InitializationModule loop problem

Vote:

expand_less 0 expand_more

Hi All,

One of our Epi (version 9.5) apps (load balanced) is experiencing an issue, where one of the web servers is getting into some sort of initialization loop. Last time around, in the space of 12 minutes, the InitializationModule were fired 23 times. Most of the time, during this incident a fair amount of RAM is released. However the app pool is not being recycled.

Anyone experienced simillar issue?

Thanks,
Maciej

#151290

Jul 14, 2016 10:26

Daniel Ovaska

Vote:

expand_less 0 expand_more

Add some logging to the module and see if it fails to run for some reason. I think episerver will try to run it again if it fails so that might be a reason...

#151291

Jul 14, 2016 10:48

Vote:

expand_less 0 expand_more

Hi Daniel,

But they shouldn't be running at all as the application is up and running.

Maciej

#151293

Jul 14, 2016 10:54

Daniel Ovaska

Vote:

expand_less 0 expand_more

Yup, but if the module throws an exception during initialize it might run again on next request...and so on...

#151295

Jul 14, 2016 11:23

Vote:

expand_less 0 expand_more

Hi,

But why it would have to initialize again if it has been runing for many hours?

#151296

Jul 14, 2016 11:25

Daniel Ovaska

Vote:

expand_less 0 expand_more

It never ran the initialize method successfully...and will try again and again until it does.

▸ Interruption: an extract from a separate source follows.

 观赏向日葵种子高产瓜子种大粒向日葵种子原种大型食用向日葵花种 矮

Just guessing so turning on logging with log4net and adding some extra logging to initialize method of the failing module should be able to answer if my guess is correct or not.

Add a try catch to see if the initialize method throws any exception and an Log.Info at the end of initialize method to see that it actually gets there.

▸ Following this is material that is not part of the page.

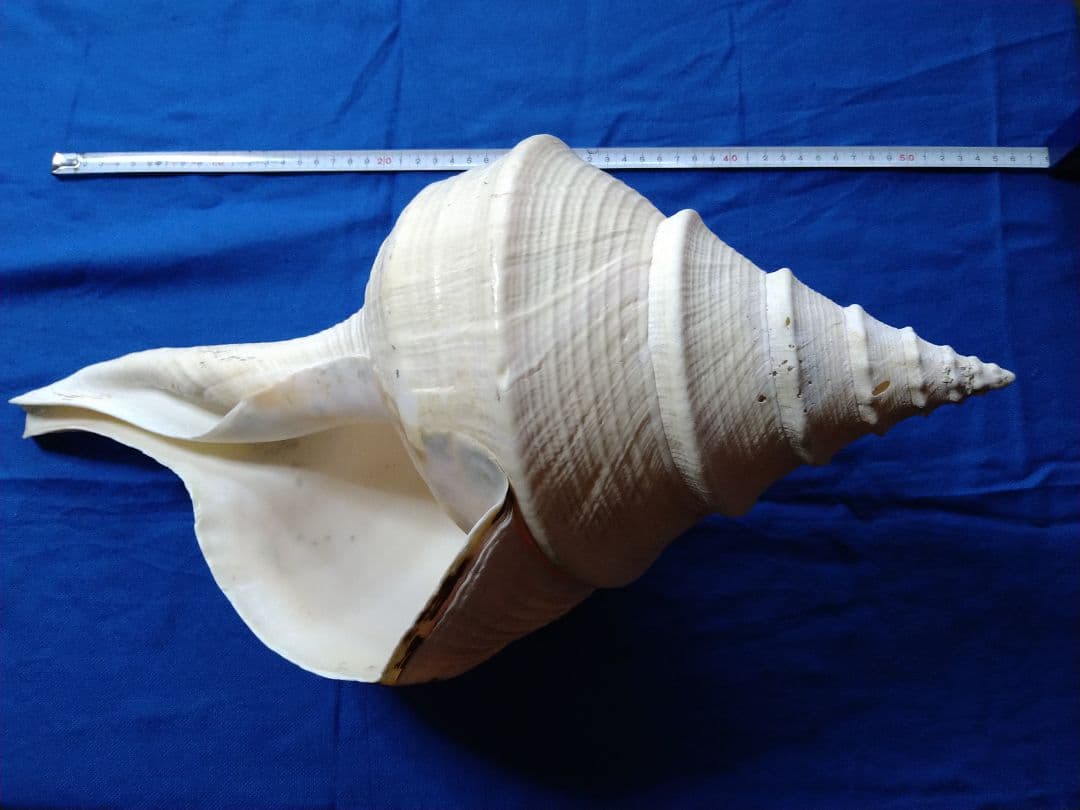 大きな巻貝 約60cm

I know I ended up having a hundred or so event handlers for publish event because my module had an error in it somewhere and I didn't handle it correctly.

#151297

Edited, Jul 14, 2016 11:41

Vote:

expand_less 0 expand_more

Daniel,

The site was running for a number of hours before it did go into this initialization loop. Just to be on the safe side, I will add logging to all my custom initialization modules.

Thank you very much for your help.

#151298

Jul 14, 2016 11:46

Daniel Ovaska

Vote:

expand_less 0 expand_more

Might be related to load balancing as well. Might be that you get all traffic to a single server(?) and that the other server only starts after 10 mins or so when it gets its first request. Turning on logging will show that as well...

#151299

Jul 14, 2016 12:33

Vote:

expand_less 0 expand_more

Hi Daniel,

I think I wasn't clear enough when it comes to describing the problem. The issue is not present during the initial application start. It does happen very randomly and as far I as can see in the event log it is not related in any way to application pool recycle.

Maciej

#151300

Jul 14, 2016 12:54

Daniel Ovaska

Vote:

expand_less 0 expand_more

I understand. It is strange that this should happen after 10 mins. The only reasons I can think of are the above.

#151303

Jul 14, 2016 13:59

Anders Schliemann

Vote:

expand_less 0 expand_more

Did you ever get to the bottom of this. We are regularly experiencing this on a load balanced environment as well. The InitlializationEngine continues to loop many times and the site never becomes accessible before a manual IIS reset. I'm pretty sure that it is not because of heavy load to a single server, since it also happens at night when load is minimal.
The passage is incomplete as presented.